Hello is there any particular thing I am missing d...
# mlforecast
s
Hello is there any particular thing I am missing due to which i am getting different metric scores between automl and manual cross-validation? For AutoML the code is following:
Copy code
my_lgb = AutoModel(
    model=lgb.LGBMRegressor(),
    config=my_lgb_config,
)
auto_mlf = AutoMLForecast(
    models={'lgb':my_lgb},
    freq='7D',
    season_length=4,
    init_config=my_init_config,
    fit_config = my_fit_config,
)
auto_mlf.fit(
    processed_df,
    n_windows=12,
    h=horizon,
    num_samples=1000,  # number of trials to run
    loss=custom_loss,
)
I then save and reload it and re-eval with added metrics that werent being tracked in the automl bit.
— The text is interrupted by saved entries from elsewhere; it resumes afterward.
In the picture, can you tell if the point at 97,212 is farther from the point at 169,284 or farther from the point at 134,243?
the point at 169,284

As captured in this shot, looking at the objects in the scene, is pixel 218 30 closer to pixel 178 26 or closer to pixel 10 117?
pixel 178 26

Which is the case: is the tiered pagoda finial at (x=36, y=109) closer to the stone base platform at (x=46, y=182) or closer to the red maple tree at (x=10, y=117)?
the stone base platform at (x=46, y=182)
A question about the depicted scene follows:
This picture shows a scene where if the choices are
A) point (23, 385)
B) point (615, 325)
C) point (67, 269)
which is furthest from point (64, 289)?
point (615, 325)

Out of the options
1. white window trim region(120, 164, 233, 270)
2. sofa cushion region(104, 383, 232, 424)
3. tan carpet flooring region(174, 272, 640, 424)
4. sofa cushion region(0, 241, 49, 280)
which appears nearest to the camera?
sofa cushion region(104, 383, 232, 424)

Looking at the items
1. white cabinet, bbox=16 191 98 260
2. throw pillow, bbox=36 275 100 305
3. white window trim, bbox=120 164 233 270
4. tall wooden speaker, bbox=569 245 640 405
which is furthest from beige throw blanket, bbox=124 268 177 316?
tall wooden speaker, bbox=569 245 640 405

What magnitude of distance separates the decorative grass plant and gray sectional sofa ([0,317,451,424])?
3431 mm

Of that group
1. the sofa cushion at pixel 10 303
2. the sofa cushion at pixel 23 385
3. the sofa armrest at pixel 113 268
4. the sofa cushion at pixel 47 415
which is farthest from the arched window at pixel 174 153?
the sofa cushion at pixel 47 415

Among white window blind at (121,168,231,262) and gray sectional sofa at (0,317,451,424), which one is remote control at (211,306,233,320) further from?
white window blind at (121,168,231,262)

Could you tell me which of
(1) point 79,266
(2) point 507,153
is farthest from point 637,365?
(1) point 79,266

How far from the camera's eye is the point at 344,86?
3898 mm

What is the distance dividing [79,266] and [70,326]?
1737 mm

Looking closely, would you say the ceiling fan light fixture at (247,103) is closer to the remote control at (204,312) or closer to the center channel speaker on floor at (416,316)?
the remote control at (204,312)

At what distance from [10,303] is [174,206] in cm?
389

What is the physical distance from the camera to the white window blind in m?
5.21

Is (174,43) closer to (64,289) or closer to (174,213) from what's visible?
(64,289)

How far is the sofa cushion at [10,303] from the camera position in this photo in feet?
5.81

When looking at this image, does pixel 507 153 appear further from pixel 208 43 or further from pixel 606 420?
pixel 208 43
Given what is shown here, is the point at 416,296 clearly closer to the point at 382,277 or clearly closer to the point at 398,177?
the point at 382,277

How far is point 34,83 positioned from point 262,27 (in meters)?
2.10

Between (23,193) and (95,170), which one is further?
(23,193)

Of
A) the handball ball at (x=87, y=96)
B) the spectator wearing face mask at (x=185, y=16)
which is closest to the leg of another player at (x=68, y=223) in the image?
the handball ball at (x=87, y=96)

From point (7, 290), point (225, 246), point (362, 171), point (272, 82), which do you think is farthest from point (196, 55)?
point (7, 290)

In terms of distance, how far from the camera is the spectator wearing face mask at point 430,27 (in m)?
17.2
But the results yield different metric values:
Copy code
auto_mlf.save('AutoLightGBM')
mlf=MLForecast.load('AutoLightGBM/lgb')
cv_res = mlf.cross_validation(processed_df,
                              n_windows=12,
                              h=4,
                            step_size=4,
                            refit=False,
                            static_features=['country','department'],
                            )
mae_error=mae(cv_res, models=['lgb'])['lgb'].mean()
mape_error=mape(cv_res, models=['lgb'])['lgb'].mean()
smape_error=smape(cv_res, models=['lgb'])['lgb'].mean()
bias = np.mean(cv_res['lgb']-cv_res['y'])
metrics = {'mae':mae_error, 'mape':mape_error, 'smape':smape_error, 'bias':bias}
o
The cv refits the model at least once. The refit argument in cv (and also in auto_mlf.fit):
Retrain model for each cross validation window. If False, the models are trained at the beginning and then used to predict each window. If positive int, the models are retrained every refit windows.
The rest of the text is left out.